The anesthesiologist quickly intubates the tiny form and one of the nurses is calling the ICU.

“I think we have a pulse!” cries the attending, hand pressed firmly on the toddler’s neck over the carotid artery. “No, we’re losing it….”

I take over from the nurse and speak to the staff at the ICU, explaining the situation.

“There was some brief cardiac activity, but the patient keeps coding,” I say. “Do you have any ideas? Anything else we can try?”

“You’re doing all the right things,” I’m told. When the attending sees my face and glances at the monitors, he knows. We all know. We can’t save him.

“I’m going to speak to the parents,” the attending says. “They’ll need to be here.”

The frantic, shell-shocked parents enter the room while we continue our medical care.

“We’ll stop when you’re ready,” the attending says softly to the parents, showing them the numbers on the cardiac monitor, and I know that he’s told them the truth.

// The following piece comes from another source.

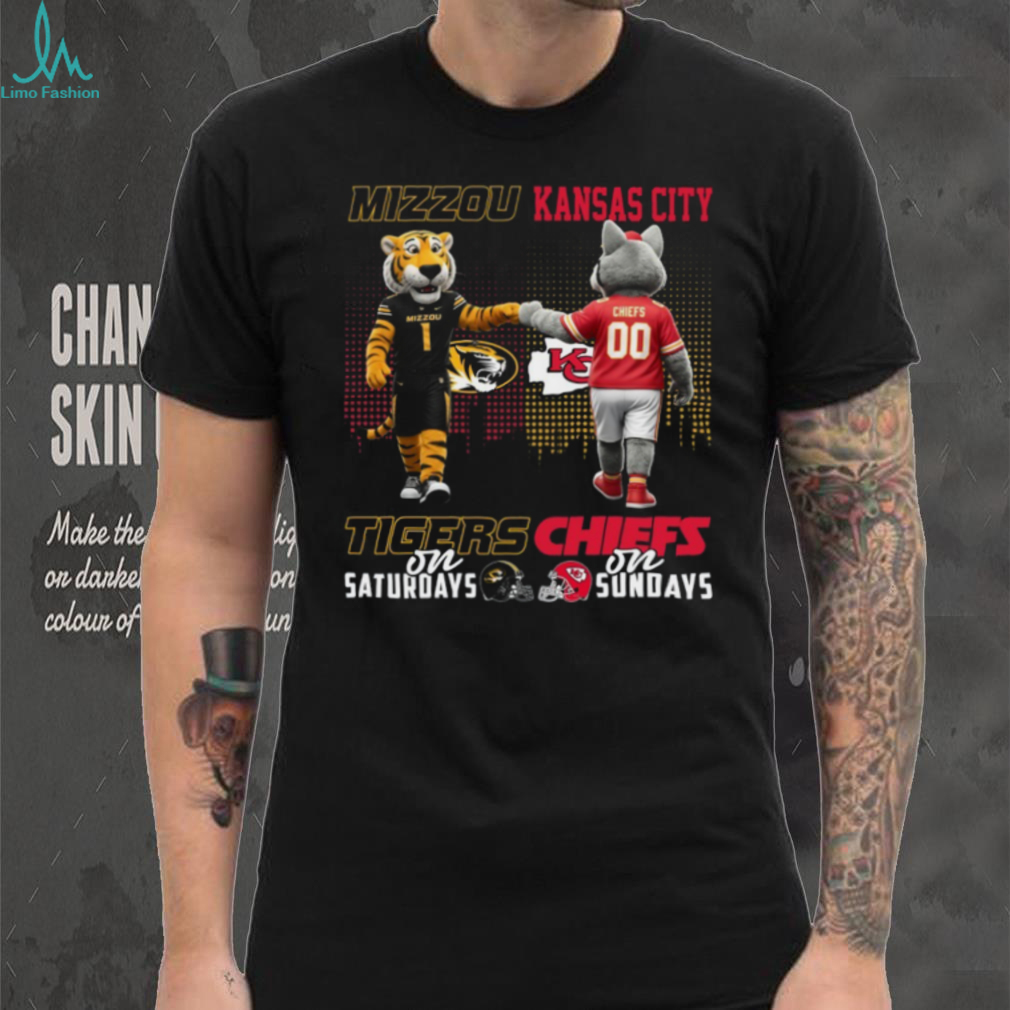 Mizzou & Kansas City Game Day Every Weekend T shirt Mizzou & Kansas City Game Day Every Weekend T shirt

Finally, the devastated father looks at us and whispers hoarsely: “Okay, you can stop now.”

We stop, and I step into the hallway, feeling curiously frozen. The other resident, the anesthesiologist, three nurses, and two EMTs crowd nearby. We’re all immobile, just looking at each other, panting from the frantic efforts of the last few minutes, and trying not to listen to the sounds coming from the room we’ve just vacated.

The attending emerges from the room and sees us standing in the hallway.

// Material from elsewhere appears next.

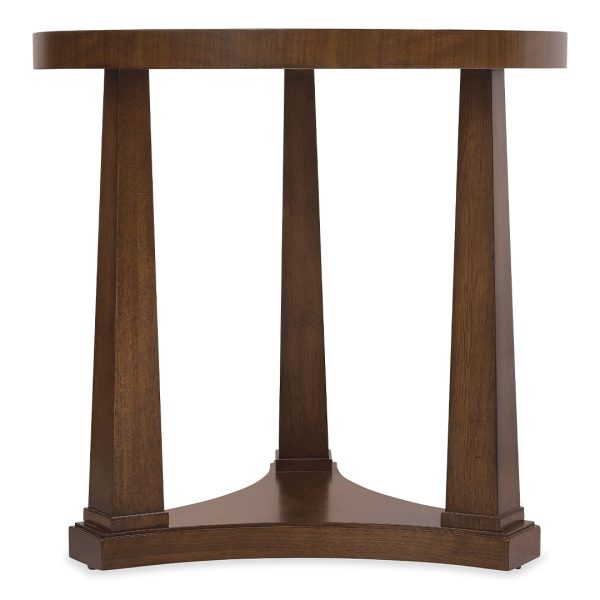 Archives Round End Table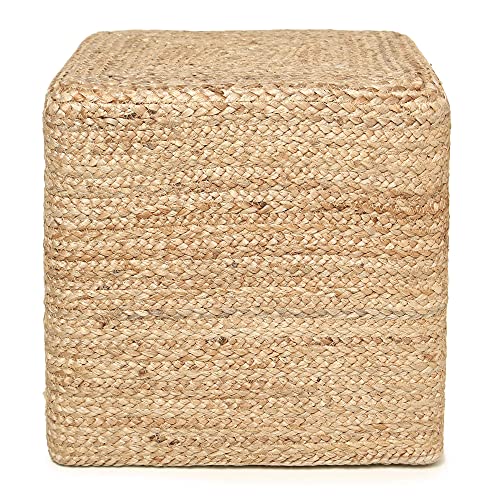 Cube Pouf Foot Stool Ottoman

“Let’s find an empty space and have a debriefing,” he says, and starts searching.

We follow, dazed, until he flings open a door at the end of the corridor. Everyone squeezes into the unoccupied room, sitting on any available surface, as the attending looks at each of us. He doesn’t say it, but we know we need this. A debriefing is usually called by someone in charge after a particularly traumatic episode in the ER. We ensure we made the best decisions, give suggestions for what we could have done better — and also share our thoughts and feelings, to process what we’ve been though.

There’s no real break between patients in the ER, and a particularly tough experience can be distracting. To fully focus on the next patient, sometimes we need to take these moments.

“Does anyone have any thoughts to share?” the attending asks. “I think we did everything we could for that little boy, but I want to hear what you have to say.”

“We really tried,” one of the nurses adds as a tear lands on her scrubs.

“I have three kids,” the other resident tells us, his voice shaking. “It was hard to see that….”

We sit and talk for a little longer, and some of the ice inside begins to melt.

“All right, everyone,” the attending finally says, standing up. “It’s time to get back to work.”

I walk outside, ready for my next case. If there’s one thing I’ve learned here, it’s that a heart can break an infinite number of times, and still be perfectly whole. The pain is there, but the living always comes first.


The characters in this series are composites; all the stories are true.